Airport and city officials in Birmingham, Ala., are providing few details on what caused a 300-lb free-standing flight information display to topple onto a visiting family from Kansas City, leaving a 10-year-old dead and his mother and siblings seriously injured.

Participants confirm a probe is under way into the March 22 accident at the terminal, where a $201-million upgrade was just completed, adding that it now includes firms not part of the construction team.

As a closed session went underway to discuss accident issues, Al Denson, Birmingham-Shuttlesworth Airport Authority president, said on March 28 that determining the cause would require extended analysis.

"The assessment of blame is not a goal," he said.

While temporary wall supports were added to the flight-board structures after the accident, Denson ordered that they be taken down as of April 2, he confirmed in an April 4 statement.

The renovation construction manager, a joint venture of contractors Brasfield & Gorrie and BLOC Global Services, said the probe is being conducted by the authority, design firms and others.

However, Denson said that the authority has hired structural engineer Barter & Associates, Mobile, Ala., for an "independent" review.

He said that "certain" contractors, which he did not name, and other members of the project team "had serious concerns about the safety of the [flight-display cabinets], and the risks they presented before the accident. We do not have a full understanding of what was done or considered to address these concerns."

According to Denson, "no one affiliated with the authority was aware of these concerns before the accident."

He ordered the CM, as well as team members KPS Group, Fish Construction and Monumental Contracting Service, to "address these matters directly and promptly."

In a statement from the CM, the firms said "we have concluded that the cabinet that fell was put in place in early January 2013 and it was designed and installed to be freestanding. Brasfield & Gorrie/BLOC Global Services Group is looking into all the information we have and our team members have that can help determine why the cabinet fell over."

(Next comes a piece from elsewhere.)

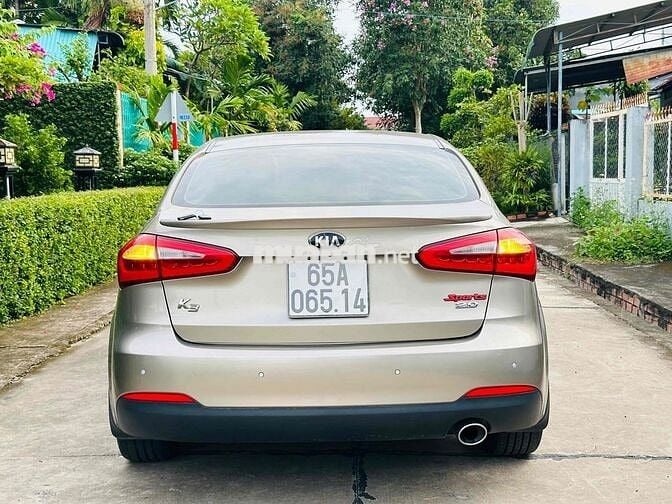 Kia K3 2015 2.0 AT - 70 km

In a letter to airport officials, Gray Plosser, president of KPS Group, said the firm was asked to develop recommended modifications to ensure the remaining monitors are safe. LBYD Engineering was hired to develop specific design modifications, he says.

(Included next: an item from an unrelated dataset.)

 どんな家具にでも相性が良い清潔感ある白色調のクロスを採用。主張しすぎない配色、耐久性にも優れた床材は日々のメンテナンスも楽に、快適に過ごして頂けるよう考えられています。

Plosser recommended the free-standing displays be moved close to the wall and attached for added support. He says the firm is preparing design documents for constructibility review. The authority confirmed on April 4 that the recommended modifications have been completed.

"We must ensure that every step in every project is fully reviewed and completed, and that transparent inspection processes take place," said the authority statement.

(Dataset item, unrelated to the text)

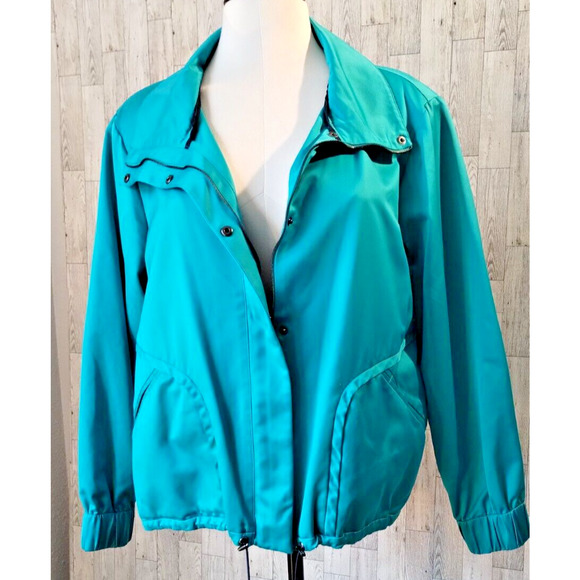 St. John Woman Teal Green Windbreaker Size L Zipper Snaps Pockets FLAW SNAGS - Picture 1 of 16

A spokesperson for Mayor William Bell's office declined to respond to ENR questions, but Steven Stine, an assistant city attorney, says the city was not responsible for inspecting the monitors.

"We understand that the object that fell is a movable cabinet [that] rests on the floor and is designed like entertainment centers that are found in many homes and businesses," he said. "The building code does not contemplate, and the city does not inspect, furniture or cabinetry like this."

Airport design experts disagree.

"This is a public safety issue, and the airport should have requirements that go beyond the code, if necessary, to make sure signs are structurally sound," says William Fife, a retired AECOM aviation vice president and a former manager at JFK Airport in New York City.

Renovation of an additional airport concourse is set to get under way shortly.